*TASK*. Among the entries that follow, locate the line with "All right, this" and the line with "That was How". Output those lines and all lines in between, exactly, minus the pictures.

*INPUT DATA*.
++++++

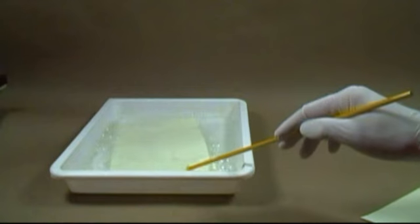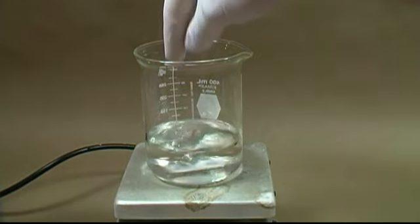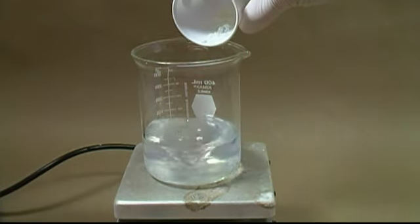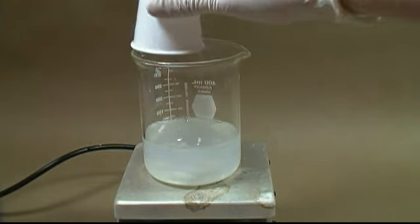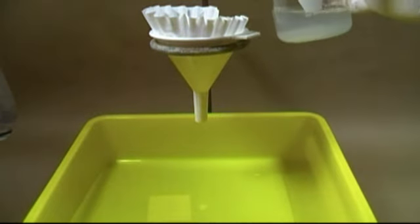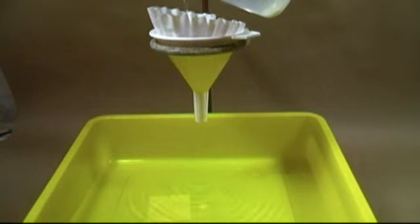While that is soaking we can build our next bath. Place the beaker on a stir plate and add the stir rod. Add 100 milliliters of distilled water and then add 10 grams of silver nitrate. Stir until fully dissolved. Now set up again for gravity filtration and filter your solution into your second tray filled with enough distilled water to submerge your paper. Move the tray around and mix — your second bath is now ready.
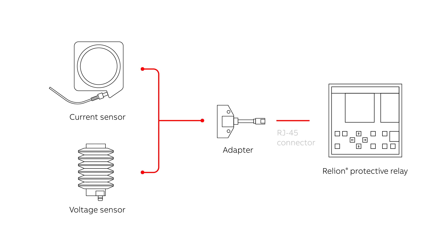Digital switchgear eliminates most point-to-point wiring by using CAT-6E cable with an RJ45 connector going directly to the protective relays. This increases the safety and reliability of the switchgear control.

++++++

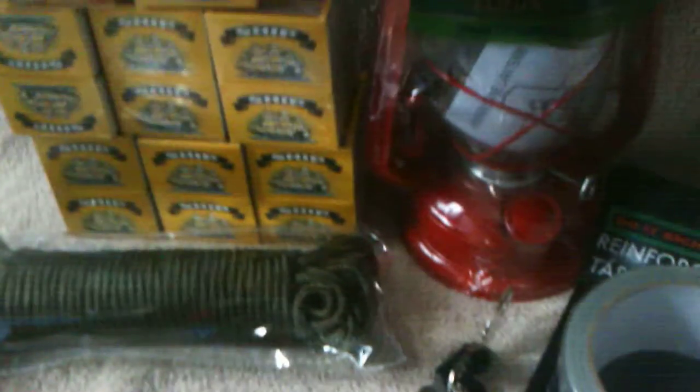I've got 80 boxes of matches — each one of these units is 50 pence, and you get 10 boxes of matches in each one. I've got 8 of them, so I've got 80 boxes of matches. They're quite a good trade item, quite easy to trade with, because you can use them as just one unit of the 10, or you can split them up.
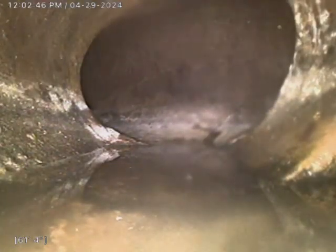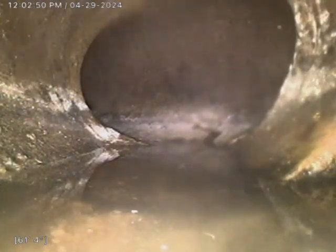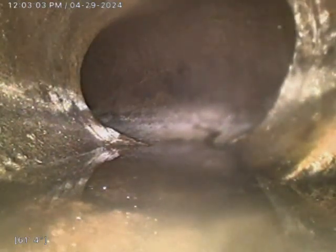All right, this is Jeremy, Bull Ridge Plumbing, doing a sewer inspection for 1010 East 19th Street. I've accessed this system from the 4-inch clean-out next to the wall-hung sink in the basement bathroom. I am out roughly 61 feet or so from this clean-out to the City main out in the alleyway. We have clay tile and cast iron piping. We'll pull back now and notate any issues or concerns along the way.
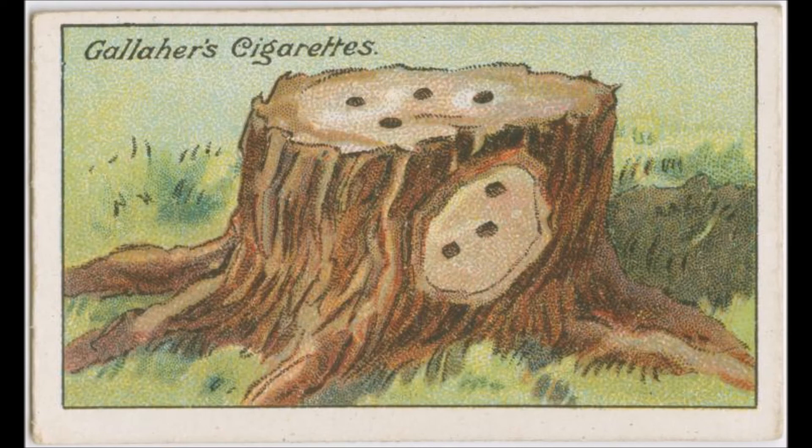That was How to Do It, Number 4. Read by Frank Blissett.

++++++

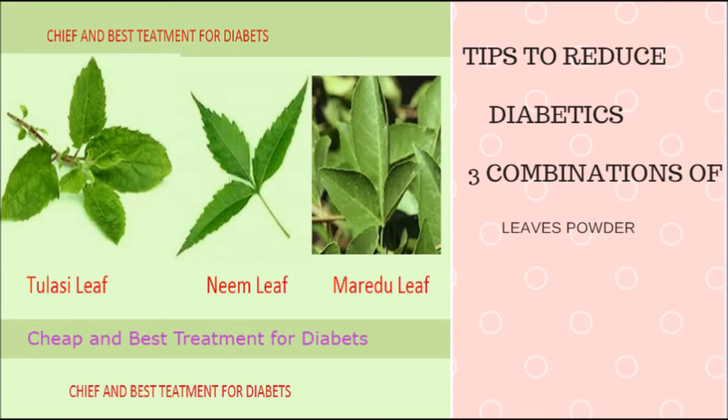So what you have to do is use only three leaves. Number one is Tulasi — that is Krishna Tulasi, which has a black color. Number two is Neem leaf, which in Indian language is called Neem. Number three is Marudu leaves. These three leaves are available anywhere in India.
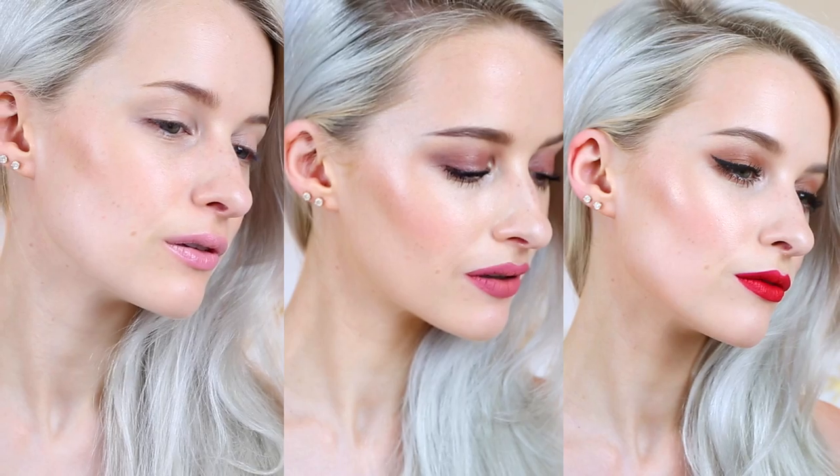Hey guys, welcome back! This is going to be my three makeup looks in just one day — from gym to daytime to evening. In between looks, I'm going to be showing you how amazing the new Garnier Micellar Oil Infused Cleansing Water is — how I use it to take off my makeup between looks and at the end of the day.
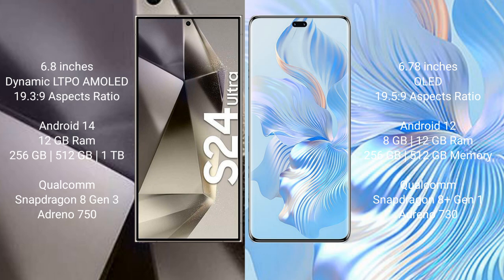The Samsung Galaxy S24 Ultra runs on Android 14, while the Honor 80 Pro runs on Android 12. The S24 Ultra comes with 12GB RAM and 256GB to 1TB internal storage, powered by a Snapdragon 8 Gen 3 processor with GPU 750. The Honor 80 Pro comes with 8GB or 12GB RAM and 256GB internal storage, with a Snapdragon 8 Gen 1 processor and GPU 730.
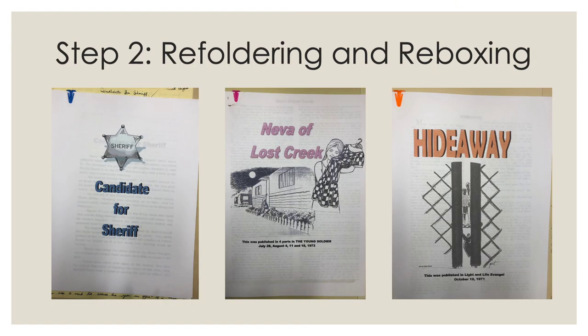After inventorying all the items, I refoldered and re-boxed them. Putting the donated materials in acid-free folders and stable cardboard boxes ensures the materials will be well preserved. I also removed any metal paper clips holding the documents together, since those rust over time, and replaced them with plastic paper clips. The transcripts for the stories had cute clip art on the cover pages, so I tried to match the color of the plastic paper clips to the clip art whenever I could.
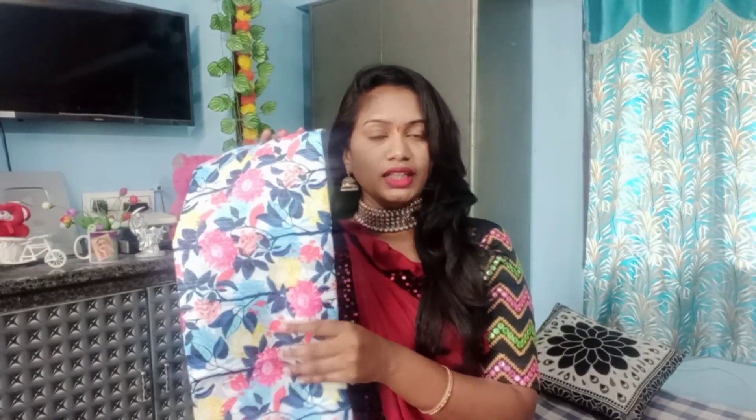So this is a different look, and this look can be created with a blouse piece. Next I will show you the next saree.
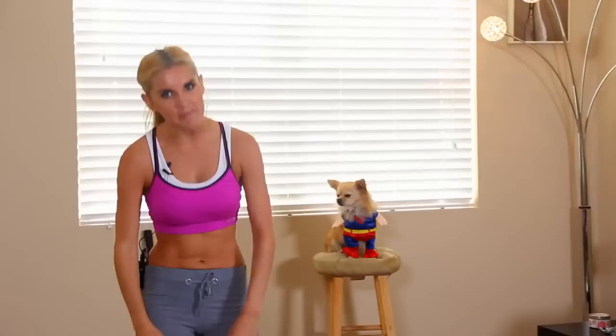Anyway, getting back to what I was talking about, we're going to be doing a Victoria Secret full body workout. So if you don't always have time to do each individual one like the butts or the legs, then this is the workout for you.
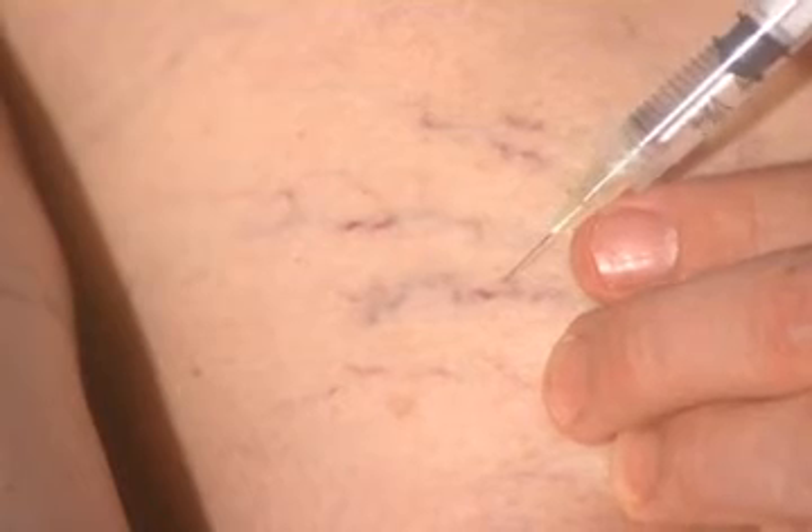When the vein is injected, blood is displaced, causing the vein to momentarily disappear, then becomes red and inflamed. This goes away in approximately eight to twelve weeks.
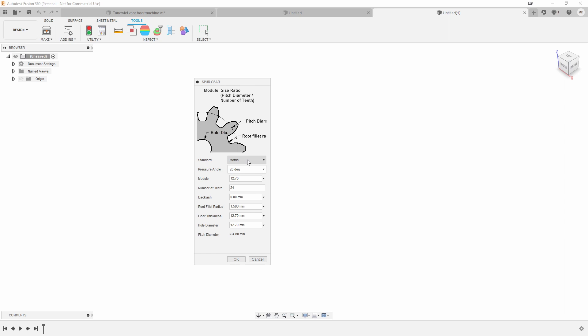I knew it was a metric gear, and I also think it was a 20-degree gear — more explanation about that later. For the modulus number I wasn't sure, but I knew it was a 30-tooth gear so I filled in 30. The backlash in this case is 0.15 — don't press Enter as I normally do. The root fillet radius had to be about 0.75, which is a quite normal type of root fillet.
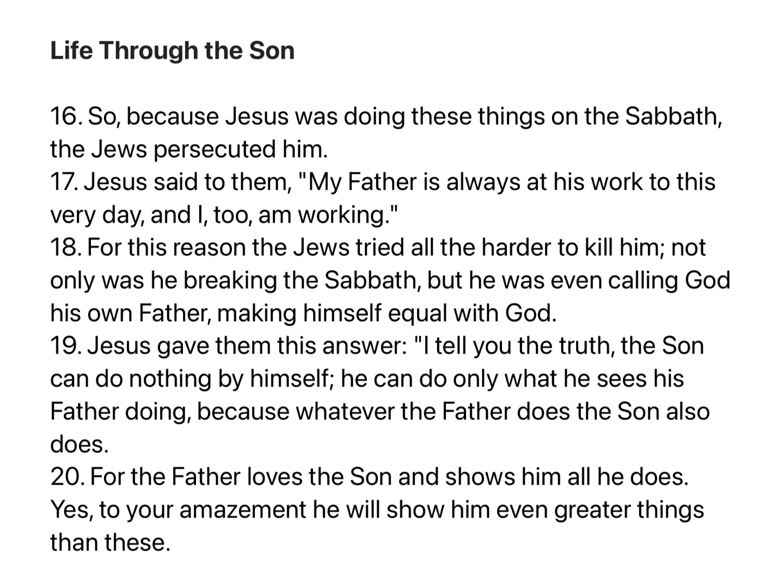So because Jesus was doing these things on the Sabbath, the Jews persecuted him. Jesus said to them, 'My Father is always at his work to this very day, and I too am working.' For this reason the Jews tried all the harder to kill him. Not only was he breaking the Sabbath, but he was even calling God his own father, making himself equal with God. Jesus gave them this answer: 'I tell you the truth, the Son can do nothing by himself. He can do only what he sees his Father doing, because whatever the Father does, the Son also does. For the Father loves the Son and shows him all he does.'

++++++

*SOLUTION TO THIS TASK*.
All right, this is Jeremy, Bull Ridge Plumbing, doing a sewer inspection for 1010 East 19th Street. I've accessed this system from the 4-inch clean-out next to the wall-hung sink in the basement bathroom. I am out roughly 61 feet or so from this clean-out to the City main out in the alleyway. We have clay tile and cast iron piping. We'll pull back now and notate any issues or concerns along the way.
That was How to Do It, Number 4. Read by Frank Blissett.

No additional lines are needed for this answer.